Campaigning
for clear, consistent, and significant understandings with key markets
in support of clearly defined marketing objectives begins with a brand
plan.
Every
company, product, and service has an identity, image, language, and
personality
that positions it best among competitors. What folks think about you is
either there by design or by default. Branding is the critical thinking
process that investigates and defines a market's needs as well as the
marketing goals, objectives, and
strategies necessary to fulfill those needs. It is a process of
establishing the metrics for optimizing and measuring
marketing success.
The
need for branding is centered in a growing understanding of how
communications
work. Brands are critical to how people remember what they've been
exposed
to. It is as applicable to B2B as it is to B2C marketing.
Much
more than the design of trademarks, trade names and logos, your brand
needs
to be a mnemonic matrix of values and benefits that best identifies and
positions you for markets. Before a brand works its way into design,
it’s
a process of research and discovery that ultimately identifies,
defines,
and positions you for strategic significance among markets and
competitors.
Your
markets, stake holders, peers, and other constituencies – i.e.,
strategic
partners, stockholders, opinion leaders in media, government,
lobbyists,
vendors, employees, competitors, etc. – perceive you from different
vantage
points.
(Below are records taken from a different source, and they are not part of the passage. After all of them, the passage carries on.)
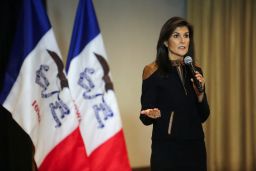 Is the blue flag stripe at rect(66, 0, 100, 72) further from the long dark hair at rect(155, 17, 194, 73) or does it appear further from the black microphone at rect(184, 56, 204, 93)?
the black microphone at rect(184, 56, 204, 93)

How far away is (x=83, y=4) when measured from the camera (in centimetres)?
197

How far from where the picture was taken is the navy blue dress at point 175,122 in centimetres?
204

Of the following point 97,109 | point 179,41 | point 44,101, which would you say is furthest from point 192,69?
point 44,101

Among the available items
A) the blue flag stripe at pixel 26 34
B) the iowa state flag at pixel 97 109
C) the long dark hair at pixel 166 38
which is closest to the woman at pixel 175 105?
the long dark hair at pixel 166 38

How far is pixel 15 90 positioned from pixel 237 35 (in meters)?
2.37

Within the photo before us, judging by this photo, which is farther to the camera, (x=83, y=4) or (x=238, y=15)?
(x=238, y=15)

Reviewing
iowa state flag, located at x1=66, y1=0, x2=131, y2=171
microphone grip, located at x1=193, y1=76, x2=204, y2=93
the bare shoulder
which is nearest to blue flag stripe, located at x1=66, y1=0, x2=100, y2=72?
iowa state flag, located at x1=66, y1=0, x2=131, y2=171

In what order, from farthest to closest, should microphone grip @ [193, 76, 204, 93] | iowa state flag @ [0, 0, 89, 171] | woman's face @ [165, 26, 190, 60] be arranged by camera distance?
woman's face @ [165, 26, 190, 60]
microphone grip @ [193, 76, 204, 93]
iowa state flag @ [0, 0, 89, 171]

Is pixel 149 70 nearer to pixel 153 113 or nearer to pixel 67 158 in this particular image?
pixel 153 113

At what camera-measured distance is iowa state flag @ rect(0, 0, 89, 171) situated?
6.12 feet

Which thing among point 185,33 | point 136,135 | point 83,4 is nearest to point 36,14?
point 83,4

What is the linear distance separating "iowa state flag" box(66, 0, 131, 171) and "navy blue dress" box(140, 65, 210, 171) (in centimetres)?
25

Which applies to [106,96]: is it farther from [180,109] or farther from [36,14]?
[36,14]

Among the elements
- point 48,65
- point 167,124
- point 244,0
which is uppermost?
point 244,0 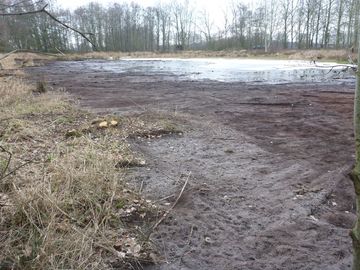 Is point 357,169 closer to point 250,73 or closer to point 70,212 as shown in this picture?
point 70,212

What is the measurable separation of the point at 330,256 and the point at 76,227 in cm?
242

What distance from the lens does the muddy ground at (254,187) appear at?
3.15 m

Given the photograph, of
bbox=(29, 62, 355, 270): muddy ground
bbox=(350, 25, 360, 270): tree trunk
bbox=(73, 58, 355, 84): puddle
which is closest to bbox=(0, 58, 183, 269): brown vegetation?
bbox=(29, 62, 355, 270): muddy ground

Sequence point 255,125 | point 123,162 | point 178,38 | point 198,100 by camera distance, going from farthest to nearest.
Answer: point 178,38 < point 198,100 < point 255,125 < point 123,162

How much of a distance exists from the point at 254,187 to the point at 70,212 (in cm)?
244

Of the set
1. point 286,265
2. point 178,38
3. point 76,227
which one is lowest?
point 286,265

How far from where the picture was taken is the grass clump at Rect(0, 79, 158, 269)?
9.09 ft

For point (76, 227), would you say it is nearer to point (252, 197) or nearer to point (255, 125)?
point (252, 197)

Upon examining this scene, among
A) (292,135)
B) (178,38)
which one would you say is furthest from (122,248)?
(178,38)

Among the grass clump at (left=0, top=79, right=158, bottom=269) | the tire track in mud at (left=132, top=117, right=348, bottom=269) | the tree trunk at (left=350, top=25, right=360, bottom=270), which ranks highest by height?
the tree trunk at (left=350, top=25, right=360, bottom=270)

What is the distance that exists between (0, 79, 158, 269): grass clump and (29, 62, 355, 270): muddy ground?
31 cm

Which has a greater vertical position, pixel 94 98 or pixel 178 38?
pixel 178 38

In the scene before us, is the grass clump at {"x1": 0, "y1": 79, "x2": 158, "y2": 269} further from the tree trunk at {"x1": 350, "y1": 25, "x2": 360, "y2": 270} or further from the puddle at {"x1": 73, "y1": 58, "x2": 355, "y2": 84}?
the puddle at {"x1": 73, "y1": 58, "x2": 355, "y2": 84}

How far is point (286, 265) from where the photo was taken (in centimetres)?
297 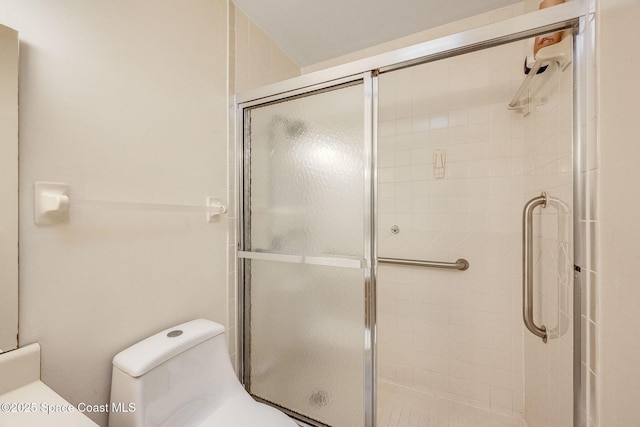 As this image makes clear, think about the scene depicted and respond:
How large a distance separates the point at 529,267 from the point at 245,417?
4.40 ft

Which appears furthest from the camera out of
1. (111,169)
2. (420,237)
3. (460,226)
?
(420,237)

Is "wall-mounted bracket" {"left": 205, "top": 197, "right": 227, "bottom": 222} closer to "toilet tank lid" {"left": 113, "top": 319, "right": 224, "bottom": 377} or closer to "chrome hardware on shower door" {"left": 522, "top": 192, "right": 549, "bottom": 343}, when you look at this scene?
"toilet tank lid" {"left": 113, "top": 319, "right": 224, "bottom": 377}

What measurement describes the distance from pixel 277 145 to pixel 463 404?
6.33 ft

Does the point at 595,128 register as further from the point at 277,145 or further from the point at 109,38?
the point at 109,38

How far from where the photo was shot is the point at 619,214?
0.70 meters

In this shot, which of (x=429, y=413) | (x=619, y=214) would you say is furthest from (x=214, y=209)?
(x=429, y=413)

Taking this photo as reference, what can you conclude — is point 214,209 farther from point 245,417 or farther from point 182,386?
point 245,417

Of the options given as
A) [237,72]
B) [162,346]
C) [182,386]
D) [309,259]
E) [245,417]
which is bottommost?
[245,417]

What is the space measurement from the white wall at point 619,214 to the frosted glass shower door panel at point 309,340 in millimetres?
736

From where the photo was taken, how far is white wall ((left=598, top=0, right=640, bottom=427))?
663 mm

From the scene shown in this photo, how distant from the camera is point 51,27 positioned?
76 centimetres

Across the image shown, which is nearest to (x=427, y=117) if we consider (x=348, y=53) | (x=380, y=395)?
(x=348, y=53)

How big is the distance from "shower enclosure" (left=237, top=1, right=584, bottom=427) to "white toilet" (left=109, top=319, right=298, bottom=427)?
35 centimetres

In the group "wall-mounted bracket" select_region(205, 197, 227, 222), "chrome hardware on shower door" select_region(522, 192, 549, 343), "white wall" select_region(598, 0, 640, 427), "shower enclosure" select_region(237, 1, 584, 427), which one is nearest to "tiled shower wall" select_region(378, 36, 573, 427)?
"shower enclosure" select_region(237, 1, 584, 427) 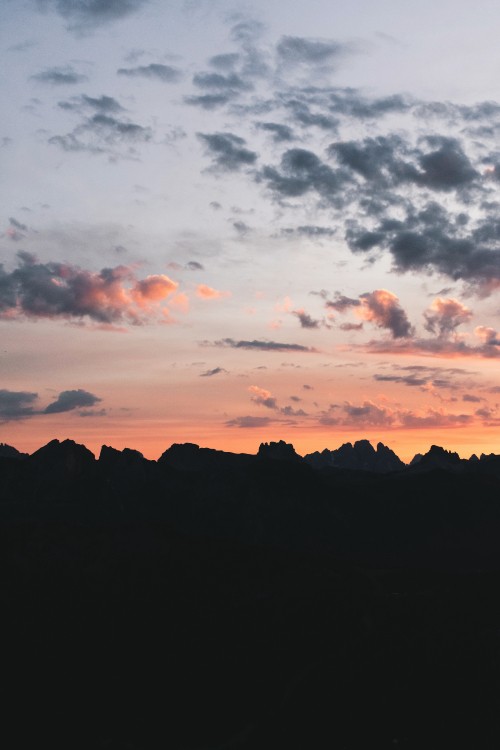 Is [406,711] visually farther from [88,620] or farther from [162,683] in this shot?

And, these perspectives often influence each other. There is
always
an acculturation process among and between you, your constituencies,
and
your competitors. Good branding ensures a marketing campaign stays on
message
often giving it the "legs" it needs to stand and defend itself on a
range
of levels and applications on its own.
A
good brand is also essential to cost-effective campaigning. It centers
the campaign, minimizes risks, and optimizes opportunities in support
of
your communications investment.
So,
while “brand speak” has created an aura and mystique for the concept in
recent years, the concept behind branding is actually pretty
simple: As perception is reality,
your
brand is you. It is the mnemonic trigger that recalls from the
subconscious
a matrix of facts, impressions, experiences, values, and feelings
people
have about you. It's the single idea that best positions you for
significance
among the competition with your markets and constituencies.
Strategic
significance is where all good campaigns begin.